Agent-Controlled Memory as a Different Philosophy
The MemGPT paper (the system is now called Letta) takes a different approach to all of this. Rather than building a memory infrastructure that operates around the agent, it makes memory management an explicit part of the agent’s behavior. The context window is split into named regions: a fixed system prompt, an editable core memory block for key facts, and searchable archival storage for older content. The agent gets tool functions: core_memory_append, core_memory_replace, archival_memory_insert, archival_memory_search.
When context pressure builds, the agent decides what to archive and what to keep. The decision is not made by a rule or a scoring function external to the agent; the agent itself reasons about it. This sidesteps the question of how to design a universal importance function, because the agent’s existing reasoning capabilities are deployed for the task.
The obvious limitation is that this requires the agent to be reliably self-aware about its own memory needs. Weaker models, or models under time pressure, may make poor decisions about what to retain. There is also a cost to context: the memory management tool calls consume tokens that could otherwise be used for the task. For systems where memory operations are infrequent, this is a reasonable trade. For high-frequency interactive agents, the overhead compounds.
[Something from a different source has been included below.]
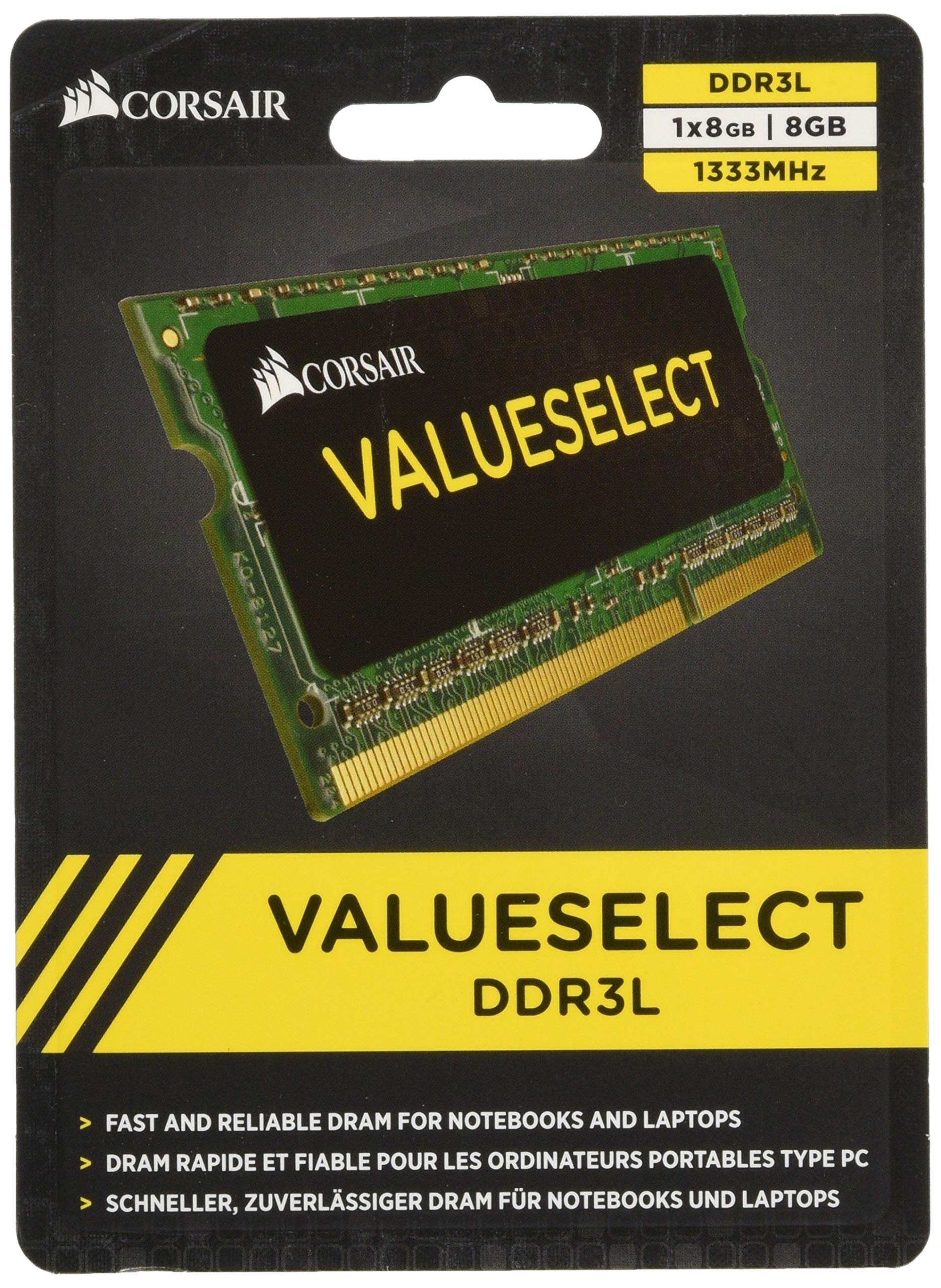

Модуль пам яті CORSAIR DDR3L Note VALUE SELECT Series CMSO8GX3M1C1333C9 8GB×1kit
What This Means in Practice
The right memory architecture depends heavily on what kind of continuity the agent actually needs.
For short-lived assistants with no cross-session requirements, a conversation buffer with optional summarization on session close is sufficient. For agents that need to personalize across sessions, a hybrid approach works best: a structured key-value or entity store for facts that change (preferences, account state, recent decisions), plus a vector store for episodic recall of past interactions. For domain-specific agents grounded in a fixed knowledge base, pure RAG is the appropriate tool and episodic memory adds noise without benefit.
For fully autonomous agents that act in the world over long periods, the MemGPT-style agent-controlled approach combined with importance scoring at write time is the most defensible architecture, at the cost of being the most expensive and the most dependent on model quality.
The consistent thread is that retrieval quality is downstream of write-time decisions. What you choose to store, in what form, and with what metadata determines what is retrievable and how reliably. Frameworks and benchmarks have converged on good primitives for the read path. The write path, the question of what matters and how to encode it, is still largely an open problem that each system solves for itself.